Conclusion: Finally, because we have $d_1 | d_2$, $d_2 | d_1$, and $d_1$ and $d_2$ are non-negative (since they are the gcd of two integers), we conclude that $d_1 = d_2$. Thus, $gcd(ac,b)=gcd(c,b)$.

  • 0
    @Siv: GCD domains are simply domains where any two elements (not both $0$) have a gcd. I'm not aware of any good textbook presentations, but you can find many of their basic properties via the link in my answer to my gcd posts here. For an advanced survey see the Anderson paper [referenced here.](http://bit.ly/gYKpfR) One of the great advantages of presenting proofs in this form is that often the same proof works for gcds *and* ideals, e.g. see the [Freshman's Dream](http://bit.ly/gK1vGT). This intimate relationship between gcds and ideals becomes clearer when one studies *divisor theory*.2011-02-19
18

My attempt at a Bill Dubuquesque argument: \begin{align*} r|ac,\;b &\Longleftrightarrow r|ac,\;bc,\;b\\ &\Longleftrightarrow r|\gcd(ac,bc),\;b\\ &\Longleftrightarrow r|\gcd(a,b)c,\;b &\quad&\mbox{(since $\gcd(ac,bc)=\gcd(a,b)c$)}\\ &\Longleftrightarrow r|c,\;b \end{align*}

  • 0
    @ArturoMagidin that clears it up..thanks2017-02-21
17

This form of Euclid's Lemma follows easily from basic laws of GCD arithmetic. First I will present the proof using the standard notation $\rm\: (a,b)\:$ for $\rm\: gcd(a,b),\: $ immediately followed by a proof employing a more suggestive arithmetical notation, denoting $\rm\:\gcd(a,b)\:$ by $\rm\ a \dot+ b\:.\:$ Because the arithmetic of GCDs shares many of the same basic laws of the arithmetic of integers, the proof becomes more intuitive using a notation that highlights this common arithmetical structure.

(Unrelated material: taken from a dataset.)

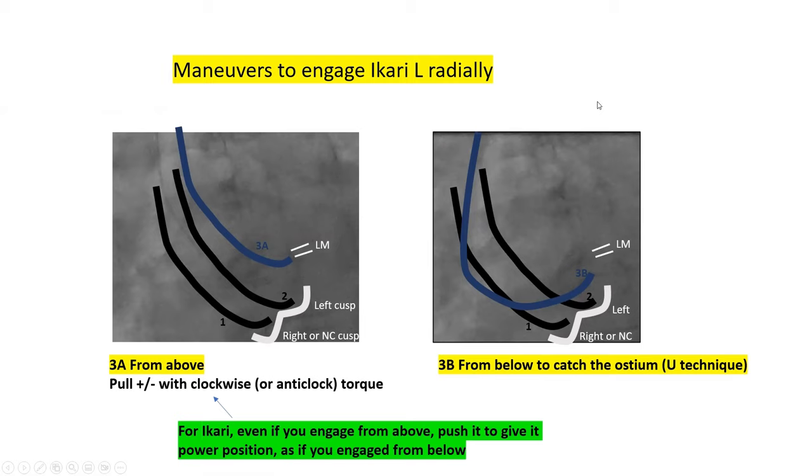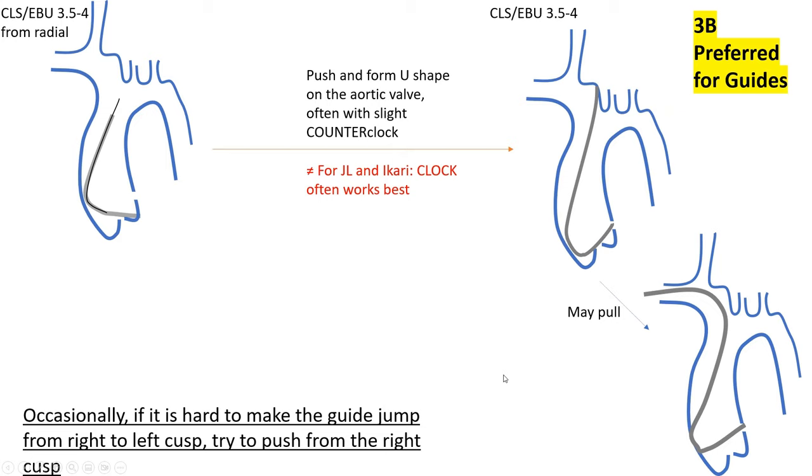Now, engaging the Ikari left: after jumping to the left cusp, you can pull with clockwise torque to engage from above (3A), or push with clockwise torque to engage from below (3B) — the loop or U technique. Importantly, even when you engage Ikari left from above, you don't keep it in that position — it gives very poor support. You must push it to make it U-shaped and looped from below even if you initially engaged from above. This is the opposite of EBU, where after engaging from below you can pull to make it look from above. With Ikari left, even if engaged from above, you must always push to the looped from-below configuration.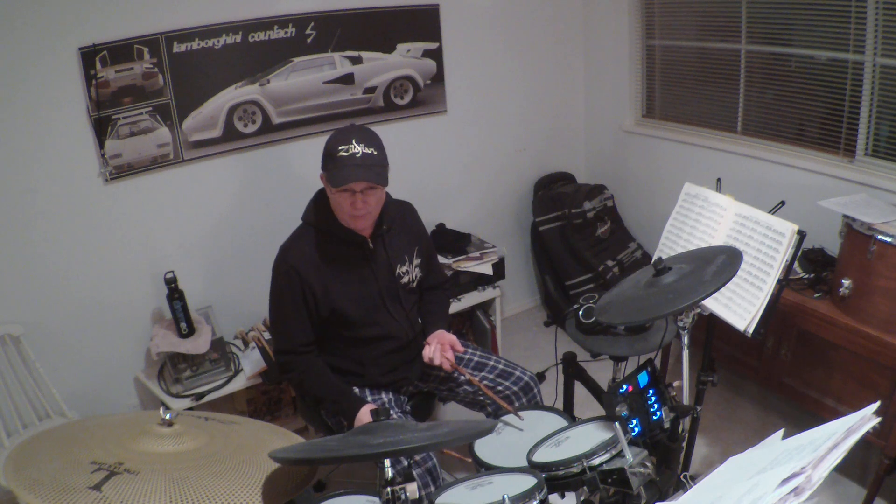Okay, so that's it. And that's playing it as an open-stroke roll. But the book wants you to play it as a closed roll, so it's going to sound more like this.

The proof below uses only said basic GCD laws: the associative law, $ $ the commutative law, the distributive law $\rm\, (a,b)c = (ac.bc)\, $ and the GCD-specific law $\rm\: \color{#C00}{(c,1) = 1}.\: $

Lemma $\rm \ \ (ac,b) = ((a,b)c,b)\,\ [=\, (c,b)\ \ {\bf if}\ \ (a,b)=1]$

$\begin{align}\rm {\bf Proof}\ \ \ ((a,\,b)c,\ b) &\rm =\, (ac,\,bc,\,b) = (ac,\ b\color{#c00}{(c,\ 1)}) = (ac,b)\\[.3em] \rm (a\dot+b)c\dot+b\ \:\! &\rm =\,\ ac\dot+bc\dot+b\, = \ \, ac\dot+b\color{#c00}{(c\dot+1)}\ =\ ac\dot+b$ $ \end{align}$

Notice how the suggestive notation in the second proof invites us to exploit our well-honed arithmetical intuition regarding the associative, commutative and distributive laws of integer arithmetic during analogous GCD arithmetic proofs. $ $ For a less trivial example see a similar proof of the Freshman's Dream $\rm\ (A,B)^n\, =\ (A^n,B^n)\ $ for GCDs and cancellable ideals.

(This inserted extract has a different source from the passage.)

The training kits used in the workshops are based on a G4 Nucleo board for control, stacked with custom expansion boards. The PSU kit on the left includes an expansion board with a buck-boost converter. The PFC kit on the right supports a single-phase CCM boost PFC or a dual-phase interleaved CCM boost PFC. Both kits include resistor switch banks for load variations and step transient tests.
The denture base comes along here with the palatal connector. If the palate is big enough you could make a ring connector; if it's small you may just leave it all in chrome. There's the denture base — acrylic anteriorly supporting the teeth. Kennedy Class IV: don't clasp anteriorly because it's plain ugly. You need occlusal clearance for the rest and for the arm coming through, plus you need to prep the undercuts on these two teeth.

The motivation behind this powerful abstract axiomatic approach becomes much clearer should you go on to study ideal theory and/or divisor theory (and you should, for there lies much beauty).

For further discussion and generalizations see this post and see my menagerie of posts on GCDs.

6

Not sure if I can prove it algebraically but can try to explain logically. There is no common denominator between a and b (this is what gcd(a,b) = 1 means).

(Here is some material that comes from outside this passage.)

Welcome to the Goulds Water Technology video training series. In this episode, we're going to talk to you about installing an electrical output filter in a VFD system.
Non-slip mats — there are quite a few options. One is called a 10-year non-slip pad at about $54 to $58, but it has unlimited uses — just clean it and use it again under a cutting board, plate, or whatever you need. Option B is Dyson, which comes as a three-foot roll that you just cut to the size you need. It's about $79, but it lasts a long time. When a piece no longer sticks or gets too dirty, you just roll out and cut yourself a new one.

When you multiply a * c you introduce c's prime factors to the new number "ac".

So, if any new common factors (between ac and b) are introduced, we know that they came solely from c. We know this because prior to multiplying by c there were no common denominators. So, the only commonality that could originate here is from c and b.

5

(a,c)=1, so there are integers x,y such that ax+cy=1. (b,c)=1, so there are integers z,w such that bz+cw=1.

multiplying the two equations we get, axbz+axcw+cybz+cycw=1

simplifying our answer we have, ab(xz)+c(axw+yzb+ycw)=1.

it follows that (ab,c)=1.

3

We could prove the contrapositive: $\gcd(ac,b) \neq \gcd(c,b) \Longrightarrow \gcd(a,b) \neq 1$. Let $d = \gcd(ac,b)$ and d' = \gcd(c,b). Now d' < d. So $d$ does not divide $c$ and $b$ and $d$ divides $ac$ and $b$. So $\gcd(a,b) \neq 1$.

  • 0
    Why do you think that implies $gcd(a,b)\ne 1$?2011-02-19